I’m writing a story about a company with a new leader focused on making stock prices rise. I want to get the company to do basically the opposite of making their company public. From what I’ve read, you don’t want to do buybacks as a company and going private might be equally as bad, but is it?
In: Economics
Liquidation means selling off assets and going out of business.
Going private means buying up all the public shares so that company is no longer publicly traded. It can be good if owner doesn’t saddle business with too much debt, as owner can focus on longer term strategy vs. always having to hit quarterly numbers. But it also means somebody can run a company into the ground and there is nobody to stop them — see Musk and Twitter.
Here’s a real ELI5 answer. Imagine I start a company. I own 100% of the company. I’m also probably very poor – most companies don’t make much money at the start. Any profits the company makes go straight to me.
I decide to sell shares in the company. I have 10 shares that I will sell and in exchange for giving me money today I will give you 10% of future profit cause you effectively own 10% of the company. Company shares are usually based on a multiple of the earnings stream. If profits go up so will the share price.
Let’s say I am working on a new product that will grow earnings by 10x. And I realize that based on future earnings – the shares are really cheap. IE, I expect the value of the shares will rise when everyone realizes how great my new product is. Companies may choose to buyback shares when they feel they are undervalued. The more shares the company owns the more future profits they earn.
If a company buys back all the outstanding shares, they share profits with noone “public”, IE no one outside the company. When all shares are owned by the company it has been taken private.
A private company is a company that is owned by a single individual or small (relatively speaking) group of people. It cannot sell shares on the open market to the public. A public company is one who has sold ownership (shares) to the public on the open market. A public company going private means an individual/group of people are buying up the shares of the company and will no longer be trading them on the open market.
Elon Musk took Twitter private – he bought up the public shares and now controls the company.

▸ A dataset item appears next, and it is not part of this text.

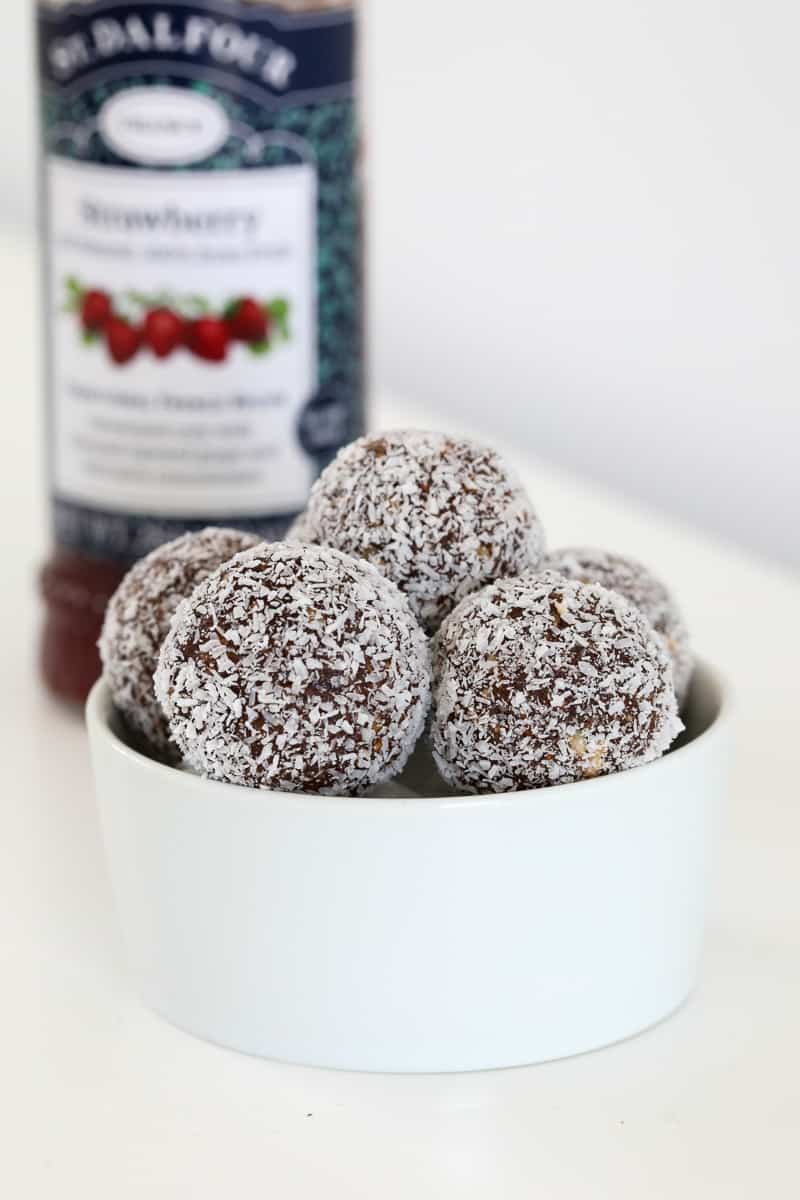 A bowl of date and almond  protein balls coated in coconut, in front of a jar of strawberry jam.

Liquidation is when a company is selling off as many of its assets as it can to generate cash (usually due to the company closing that section of business, bankruptcy, etc).
There’s a few things you need to think about with your story – every CEO has the goal of making the stock price rise. That being said, an individual/group that plans on taking a company private will also want the value of the company to rise.

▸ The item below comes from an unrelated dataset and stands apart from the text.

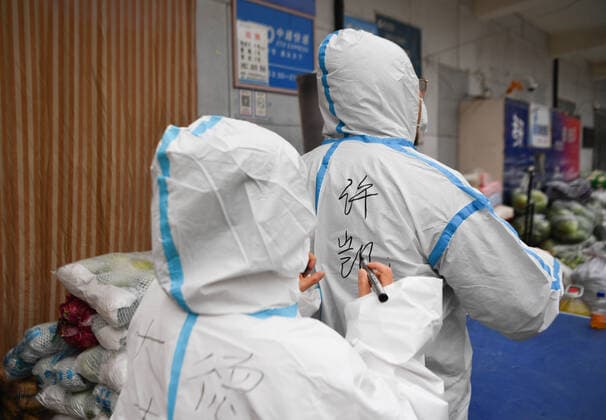 (220105) -- XI AN, Jan. 5, 2022 -- A volunteer writes down Xu Kai s name on his protective suit at Deshan shared kitchen in Yanta District of Xi an, northwest China s Shaanxi Province, Jan. 5, 2022. Located in Yanta District of Xi an, Deshan shared kitchen was run as an anti-cancer kitchen , providing convenience for cancer patients and their families to cook meals. Xu Kai, founder of the shared kitchen, transformed this anti-cancer kitchen into a fight-against-epidemic kitchen after the city has been hit by the recent COVID-19 resurgence. Up to now, more than 30 volunteers have joined the food delivery activities of the kitchen to help not only cancer patients and their families who are stranded in Xi an, but also some personnel wh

Advantages of going private: Significantly less financial regulation, more control over management decisions, and being able to focus more on long-term company growth than short-term profits.
Disadvantages of going private: Harder to raise capital since you can’t sell shares to the public market, potentially more risk for your money (most people that take a company private essentially put all their eggs in one basket – aka the company – rather than diversify their portfolio), potentially (not always) more legal risk for the owner depending on the structure of the company (though someone rich enough to take a company private will likely be rich enough to have a good team of lawyers structure the company in such a way that limits their liability)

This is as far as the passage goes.